Shows on-line e drive-ins como alternativa

Também fortemente impactado pela pandemia, o meio cultural teve que se reinventar ao longo do ano. Logo no início do período de quarentena em várias regiões do mundo, explodiram nas redes as apresentações transmitidas ao vivo. Logo as lives também viraram alternativas de financiamento frente aos cancelamentos de eventos, shows e turnês. Dos grandes nomes do showbiz até os pequenos artistas, não faltaram alternativas de performances.
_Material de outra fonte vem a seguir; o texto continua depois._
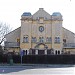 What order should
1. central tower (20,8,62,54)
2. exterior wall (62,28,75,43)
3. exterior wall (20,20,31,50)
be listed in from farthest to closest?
exterior wall (62,28,75,43)
exterior wall (20,20,31,50)
central tower (20,8,62,54)

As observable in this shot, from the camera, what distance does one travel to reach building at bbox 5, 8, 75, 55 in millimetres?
76938

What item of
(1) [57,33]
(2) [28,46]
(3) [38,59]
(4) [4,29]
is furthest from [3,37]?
(3) [38,59]

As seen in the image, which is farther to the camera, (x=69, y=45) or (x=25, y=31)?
(x=69, y=45)

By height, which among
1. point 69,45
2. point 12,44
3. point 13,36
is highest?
point 13,36

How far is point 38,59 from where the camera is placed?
65.1 metres

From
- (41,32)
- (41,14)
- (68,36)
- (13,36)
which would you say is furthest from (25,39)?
(68,36)

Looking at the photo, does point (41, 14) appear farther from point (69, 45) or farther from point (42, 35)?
point (69, 45)

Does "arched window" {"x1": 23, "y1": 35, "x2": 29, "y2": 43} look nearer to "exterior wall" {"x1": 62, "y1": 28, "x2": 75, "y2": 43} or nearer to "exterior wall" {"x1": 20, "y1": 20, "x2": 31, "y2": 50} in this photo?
"exterior wall" {"x1": 20, "y1": 20, "x2": 31, "y2": 50}

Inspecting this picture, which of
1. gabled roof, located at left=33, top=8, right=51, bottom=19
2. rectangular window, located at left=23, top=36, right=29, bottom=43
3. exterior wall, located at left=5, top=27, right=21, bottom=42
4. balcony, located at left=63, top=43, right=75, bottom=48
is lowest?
balcony, located at left=63, top=43, right=75, bottom=48

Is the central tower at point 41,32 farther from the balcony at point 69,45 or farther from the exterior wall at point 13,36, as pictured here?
the exterior wall at point 13,36

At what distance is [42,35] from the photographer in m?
77.9

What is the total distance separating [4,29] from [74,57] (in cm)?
3523

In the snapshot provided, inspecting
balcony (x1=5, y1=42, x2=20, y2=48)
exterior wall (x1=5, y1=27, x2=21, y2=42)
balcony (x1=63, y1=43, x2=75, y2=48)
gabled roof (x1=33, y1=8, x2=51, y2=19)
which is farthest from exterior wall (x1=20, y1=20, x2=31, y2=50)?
balcony (x1=63, y1=43, x2=75, y2=48)

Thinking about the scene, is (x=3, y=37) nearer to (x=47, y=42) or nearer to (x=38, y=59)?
(x=47, y=42) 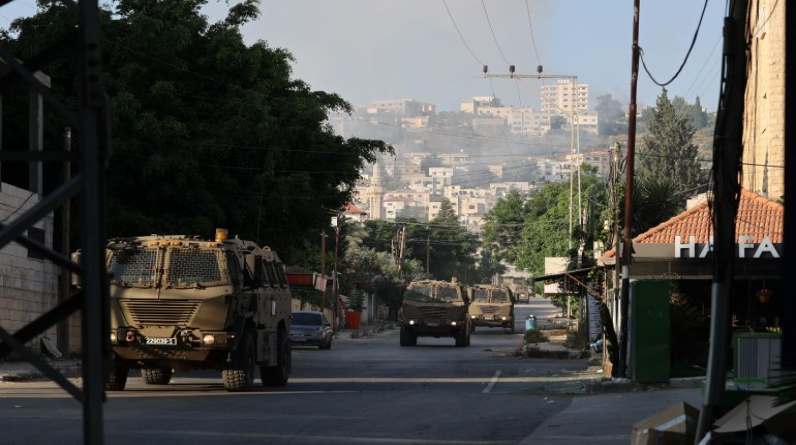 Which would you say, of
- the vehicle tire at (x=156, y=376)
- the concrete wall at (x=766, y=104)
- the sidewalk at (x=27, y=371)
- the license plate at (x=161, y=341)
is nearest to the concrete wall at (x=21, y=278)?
the sidewalk at (x=27, y=371)

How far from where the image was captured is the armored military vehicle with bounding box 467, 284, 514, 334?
6347 cm

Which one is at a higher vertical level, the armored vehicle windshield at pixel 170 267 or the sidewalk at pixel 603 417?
the armored vehicle windshield at pixel 170 267

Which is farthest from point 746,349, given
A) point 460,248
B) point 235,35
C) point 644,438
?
point 460,248

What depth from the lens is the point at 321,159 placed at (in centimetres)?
3912

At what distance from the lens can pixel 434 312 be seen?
149 ft

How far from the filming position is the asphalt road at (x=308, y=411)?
13570mm

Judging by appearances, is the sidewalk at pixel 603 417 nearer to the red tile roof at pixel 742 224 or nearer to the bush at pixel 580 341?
the red tile roof at pixel 742 224

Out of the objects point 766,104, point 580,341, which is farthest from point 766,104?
point 580,341

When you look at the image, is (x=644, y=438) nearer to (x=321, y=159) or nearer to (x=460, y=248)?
(x=321, y=159)

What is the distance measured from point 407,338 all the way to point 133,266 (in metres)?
26.7

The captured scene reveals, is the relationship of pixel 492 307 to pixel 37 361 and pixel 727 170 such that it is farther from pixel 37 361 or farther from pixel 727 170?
pixel 37 361

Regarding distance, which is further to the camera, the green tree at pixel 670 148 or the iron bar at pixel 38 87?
the green tree at pixel 670 148

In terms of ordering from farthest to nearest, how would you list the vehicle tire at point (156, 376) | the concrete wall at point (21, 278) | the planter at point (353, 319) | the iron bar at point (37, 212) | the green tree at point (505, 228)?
1. the green tree at point (505, 228)
2. the planter at point (353, 319)
3. the concrete wall at point (21, 278)
4. the vehicle tire at point (156, 376)
5. the iron bar at point (37, 212)

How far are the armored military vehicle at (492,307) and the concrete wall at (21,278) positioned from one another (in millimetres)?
33316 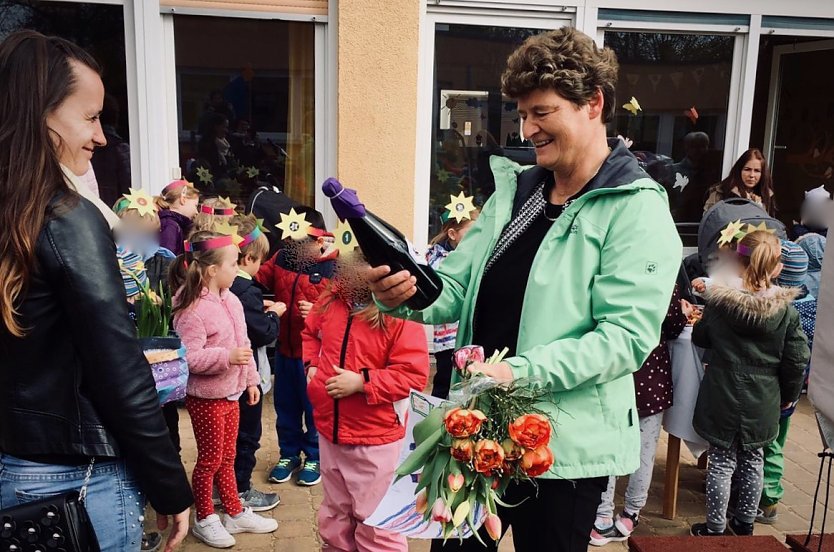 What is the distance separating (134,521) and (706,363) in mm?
3187

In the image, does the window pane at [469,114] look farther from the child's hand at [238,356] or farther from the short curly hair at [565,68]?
the short curly hair at [565,68]

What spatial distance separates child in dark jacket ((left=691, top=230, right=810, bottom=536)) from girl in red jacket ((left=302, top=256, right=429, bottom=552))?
1686 millimetres

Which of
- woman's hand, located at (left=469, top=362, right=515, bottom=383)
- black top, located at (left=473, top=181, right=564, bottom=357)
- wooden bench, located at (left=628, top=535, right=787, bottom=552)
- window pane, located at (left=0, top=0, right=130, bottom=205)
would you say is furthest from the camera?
window pane, located at (left=0, top=0, right=130, bottom=205)

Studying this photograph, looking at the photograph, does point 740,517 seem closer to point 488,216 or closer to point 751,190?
point 488,216

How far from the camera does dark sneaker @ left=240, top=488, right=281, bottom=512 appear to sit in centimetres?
409

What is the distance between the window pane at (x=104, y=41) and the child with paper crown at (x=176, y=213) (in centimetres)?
95

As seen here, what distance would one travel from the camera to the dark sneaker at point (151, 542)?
11.7 feet

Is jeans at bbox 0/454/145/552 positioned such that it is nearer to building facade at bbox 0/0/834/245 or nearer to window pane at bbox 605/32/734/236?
building facade at bbox 0/0/834/245

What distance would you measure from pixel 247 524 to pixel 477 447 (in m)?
2.51

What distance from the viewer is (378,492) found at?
9.95 ft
Em maio, Lady Gaga organizou o festival “One World: Together At Home”, que ficou conhecido como a ‘live das lives’ ao reunir mais de 100 artistas, entre eles Elton John, Stevie Wonder, Paul McCartney, Maluma, Shawn Mendes, The Rolling Stones, Lizzo, John Legend, Andre Bocelli, Celine Dion e The Killers. Com a permanência da pandemia, ressurgiram também os antigos drive-ins, com shows de música e teatro e cujas agendas se estenderam até o final do ano.
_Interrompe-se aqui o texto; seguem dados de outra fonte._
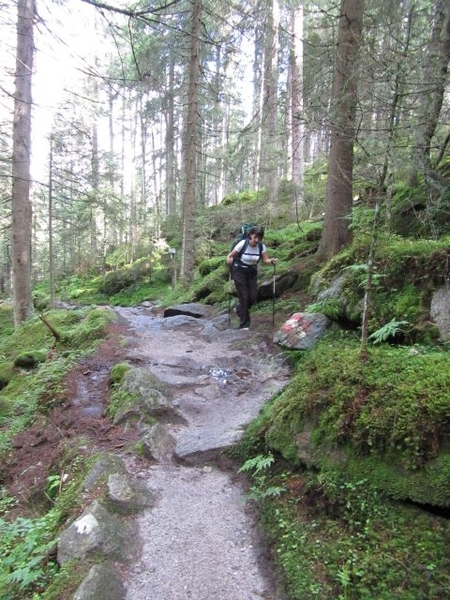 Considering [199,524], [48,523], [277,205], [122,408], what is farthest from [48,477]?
[277,205]

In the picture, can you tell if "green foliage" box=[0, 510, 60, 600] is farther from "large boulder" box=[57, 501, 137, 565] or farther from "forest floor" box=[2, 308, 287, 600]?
"forest floor" box=[2, 308, 287, 600]

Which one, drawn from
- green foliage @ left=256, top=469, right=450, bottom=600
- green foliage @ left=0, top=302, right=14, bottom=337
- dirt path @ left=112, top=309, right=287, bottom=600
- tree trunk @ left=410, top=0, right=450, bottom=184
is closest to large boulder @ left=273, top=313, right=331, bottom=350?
dirt path @ left=112, top=309, right=287, bottom=600

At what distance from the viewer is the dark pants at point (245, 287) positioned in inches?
321

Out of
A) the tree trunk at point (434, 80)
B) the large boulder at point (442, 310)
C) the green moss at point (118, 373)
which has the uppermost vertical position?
the tree trunk at point (434, 80)

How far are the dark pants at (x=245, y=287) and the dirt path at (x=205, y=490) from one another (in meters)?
0.84

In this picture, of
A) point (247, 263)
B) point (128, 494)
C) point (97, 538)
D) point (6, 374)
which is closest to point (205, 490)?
point (128, 494)

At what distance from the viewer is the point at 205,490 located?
3.72 meters

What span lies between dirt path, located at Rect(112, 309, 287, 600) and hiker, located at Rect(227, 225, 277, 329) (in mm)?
919

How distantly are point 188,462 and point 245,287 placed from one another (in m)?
4.50

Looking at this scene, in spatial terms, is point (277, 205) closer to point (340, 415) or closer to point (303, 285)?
point (303, 285)

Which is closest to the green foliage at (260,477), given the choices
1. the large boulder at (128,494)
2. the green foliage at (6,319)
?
the large boulder at (128,494)

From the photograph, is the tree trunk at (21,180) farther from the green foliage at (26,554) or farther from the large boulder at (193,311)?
the green foliage at (26,554)

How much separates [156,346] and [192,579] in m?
5.50

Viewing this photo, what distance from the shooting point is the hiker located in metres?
Answer: 7.86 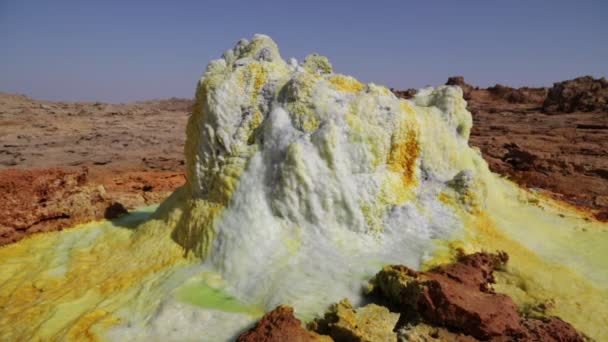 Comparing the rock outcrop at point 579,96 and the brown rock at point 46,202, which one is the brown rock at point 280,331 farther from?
the rock outcrop at point 579,96

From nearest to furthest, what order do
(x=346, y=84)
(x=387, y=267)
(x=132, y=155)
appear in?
(x=387, y=267)
(x=346, y=84)
(x=132, y=155)

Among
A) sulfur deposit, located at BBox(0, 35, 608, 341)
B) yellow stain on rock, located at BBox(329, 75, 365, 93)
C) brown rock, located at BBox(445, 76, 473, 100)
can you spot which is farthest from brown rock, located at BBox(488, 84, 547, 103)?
yellow stain on rock, located at BBox(329, 75, 365, 93)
Festas viram caso de polícia

Como as aglomerações passaram a ser sinônimo de risco à saúde, as forças policiais tiveram trabalho ao longo do ano para reprimir festas e eventos clandestinos que insistiam em ser realizados mesmo com o quadro de UTIs lotadas. Nas redes sociais, artistas e influenciadores que promoveram aniversários ou casamentos com grande quantidade de convidados em plena pandemia não escaparam do julgamento popular e foram ‘cancelados’, outra prática também em alta ao longo do ano. Já em dezembro, as ceias de Natal e Ano-Novo acabaram se tornando a preocupação das autoridades. O que se viu, contudo, é que apesar de as famílias terem promovidos encontros menores e mais seguros, os jovens foram para as ruas na madrugada beber e ouvir música alta. O resultado pode ser colhido em janeiro. 
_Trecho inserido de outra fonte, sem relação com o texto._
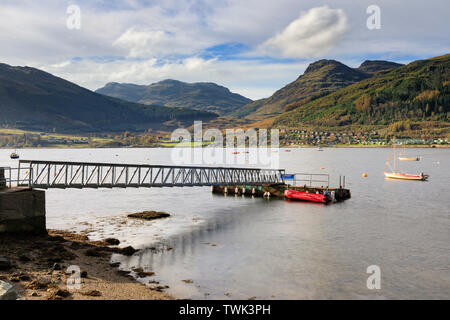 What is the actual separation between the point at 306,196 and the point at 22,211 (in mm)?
48423

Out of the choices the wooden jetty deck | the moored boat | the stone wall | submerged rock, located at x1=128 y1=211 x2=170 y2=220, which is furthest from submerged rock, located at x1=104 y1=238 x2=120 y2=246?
the moored boat

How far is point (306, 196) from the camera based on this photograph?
6575cm

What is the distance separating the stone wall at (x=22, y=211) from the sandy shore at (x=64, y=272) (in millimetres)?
737

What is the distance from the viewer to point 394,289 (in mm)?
24578

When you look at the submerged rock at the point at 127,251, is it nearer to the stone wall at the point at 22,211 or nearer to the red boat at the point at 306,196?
the stone wall at the point at 22,211

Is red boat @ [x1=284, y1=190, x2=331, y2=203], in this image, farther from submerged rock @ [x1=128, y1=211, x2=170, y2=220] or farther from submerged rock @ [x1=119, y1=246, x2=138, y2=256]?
submerged rock @ [x1=119, y1=246, x2=138, y2=256]

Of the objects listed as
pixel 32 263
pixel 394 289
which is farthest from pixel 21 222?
pixel 394 289

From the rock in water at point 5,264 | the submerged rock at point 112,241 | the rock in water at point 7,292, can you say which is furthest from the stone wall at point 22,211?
the rock in water at point 7,292

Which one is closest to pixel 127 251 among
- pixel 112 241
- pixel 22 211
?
pixel 112 241

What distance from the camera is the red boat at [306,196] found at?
6488 centimetres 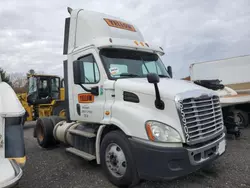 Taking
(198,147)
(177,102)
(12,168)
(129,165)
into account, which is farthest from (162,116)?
(12,168)

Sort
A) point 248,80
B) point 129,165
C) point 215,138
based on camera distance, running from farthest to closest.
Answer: point 248,80, point 215,138, point 129,165

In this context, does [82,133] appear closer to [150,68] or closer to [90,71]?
[90,71]

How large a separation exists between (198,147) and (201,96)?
2.64ft

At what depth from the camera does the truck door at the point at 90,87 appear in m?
3.98

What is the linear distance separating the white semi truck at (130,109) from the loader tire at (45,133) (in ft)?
3.98

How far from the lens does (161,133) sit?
2.96 metres

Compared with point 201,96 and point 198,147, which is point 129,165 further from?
point 201,96

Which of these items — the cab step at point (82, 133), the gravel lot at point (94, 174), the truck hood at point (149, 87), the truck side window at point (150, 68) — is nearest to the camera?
the truck hood at point (149, 87)

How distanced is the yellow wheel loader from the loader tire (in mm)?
3985

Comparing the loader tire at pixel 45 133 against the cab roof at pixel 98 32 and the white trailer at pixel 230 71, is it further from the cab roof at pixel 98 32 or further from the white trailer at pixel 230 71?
the white trailer at pixel 230 71

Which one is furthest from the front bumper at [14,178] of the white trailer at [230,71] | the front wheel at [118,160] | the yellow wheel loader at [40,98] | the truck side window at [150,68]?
the white trailer at [230,71]

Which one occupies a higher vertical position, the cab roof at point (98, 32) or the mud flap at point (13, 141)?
the cab roof at point (98, 32)

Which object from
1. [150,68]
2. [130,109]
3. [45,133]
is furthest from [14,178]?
[45,133]

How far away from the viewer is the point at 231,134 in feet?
21.8
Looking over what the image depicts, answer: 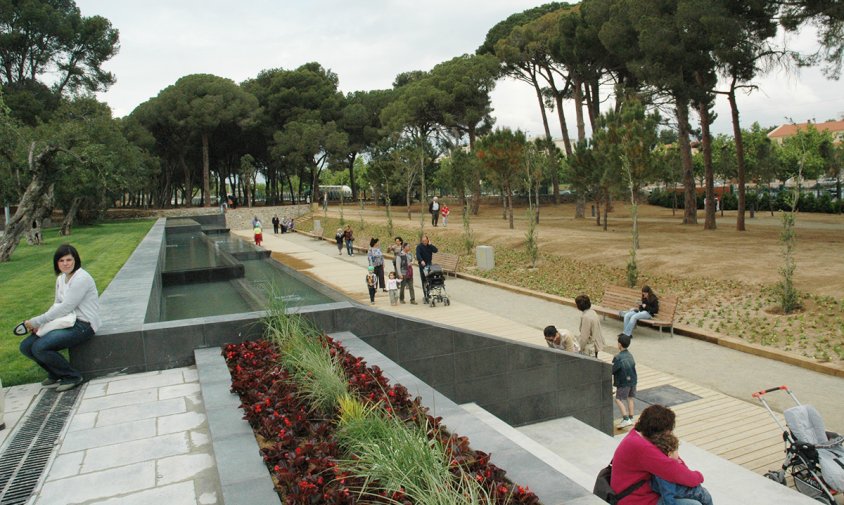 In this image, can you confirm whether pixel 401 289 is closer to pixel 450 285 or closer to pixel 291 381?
pixel 450 285

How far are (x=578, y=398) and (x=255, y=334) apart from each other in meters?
3.95

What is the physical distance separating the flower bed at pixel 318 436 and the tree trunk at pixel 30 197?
1308cm

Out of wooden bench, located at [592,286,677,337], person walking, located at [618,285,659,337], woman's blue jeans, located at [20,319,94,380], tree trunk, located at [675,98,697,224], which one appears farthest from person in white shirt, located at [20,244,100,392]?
tree trunk, located at [675,98,697,224]

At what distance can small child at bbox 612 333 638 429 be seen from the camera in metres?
7.68

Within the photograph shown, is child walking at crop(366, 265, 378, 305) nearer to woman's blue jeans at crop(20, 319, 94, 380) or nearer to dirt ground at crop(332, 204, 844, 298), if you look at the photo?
dirt ground at crop(332, 204, 844, 298)

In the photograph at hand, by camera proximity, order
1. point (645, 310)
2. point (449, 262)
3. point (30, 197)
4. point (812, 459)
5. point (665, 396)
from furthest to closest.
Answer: point (449, 262) < point (30, 197) < point (645, 310) < point (665, 396) < point (812, 459)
Estádios vazios e calendário sobrecarregado

O futebol parou por cerca de três meses em todo o mundo e quando a bola voltou a rolar, foi em estádios vazios. Sem fonte de renda dos torcedores e da audiência da televisão, grandes instituições, ligas e equipes entraram em crise, tendo que demitir funcionários e sugerir acordos de redução salarial com suas grandes estrelas (o que não foi bem recebido em diversas situações). O PSG de Neymar conseguiu pela primeira vez chegar à final da Liga, mas perdeu para o Bayern de Munique que, nas quartas de final, aplicou uma goleada histórica em cima do Barcelona: 8 a 2. No Brasil, os estaduais se arrastaram até setembro. Na volta das competições, os times conviveram com o risco de infecção dos atletas. Mas não foi só a pandemia que paralisou o esporte. O combate ao racismo também impactou o futebol, o basquete e a até a F-1, onde Lewis Hamilton sagrou-se campeão mundial pela 7ª vez.

Taxa de juros despenca

Na esteira das preocupações com a crise econômica gerada pela pandemia, em agosto o Banco Central decidiu reduzir a taxa Selic ao menor patamar da série histórica, iniciada em 1996: 2%. A queda foi antecedida por outros quatro cortes consecutivos do índice ao longo do ano e permaneceu assim até a última reunião do Copom, realizada no início de dezembro.

Preço do arroz dispara

Os brasileiros também se viram assombrados com a disparada dos preços de itens essenciais da cesta básica. O vilão da vez foi o arroz. Um pacote de cinco quilos, normalmente vendido a cerca de R$ 15, chegou a custar R$ 40 nas gôndolas dos supermercados. O governo se negou a interferir nos preços, mas fez um apelo aos produtores para reduzir os lucros. 

Reforma estagnada

A reforma tributária prometida por Paulo Guedes não decolou em 2020. Em julho ele apresentou a primeira fatia das propostas, que abrangia apenas a junção do PIS e Cofins em um Imposto de Valor Agregado. Nenhuma outra sugestão foi incluída no texto ao longo do ano. A possibilidade de criação de um imposto sobre transações digitais também gerou polêmica, mas ficou no papel.

Nova nota de R$ 200

Outro impacto da pandemia, a circulação de dinheiro cresceu ao longo do ano ao ponto de colocar em risco o papel moeda. Assim, em setembro o Banco Central decidiu iniciar a circulação de uma nova nota na família do Real, a de R$ 200. Do mesmo tamanho da de R$ 20 e predominantemente nas cores cinza e marrom, a nota trouxe estampado o lobo-guará.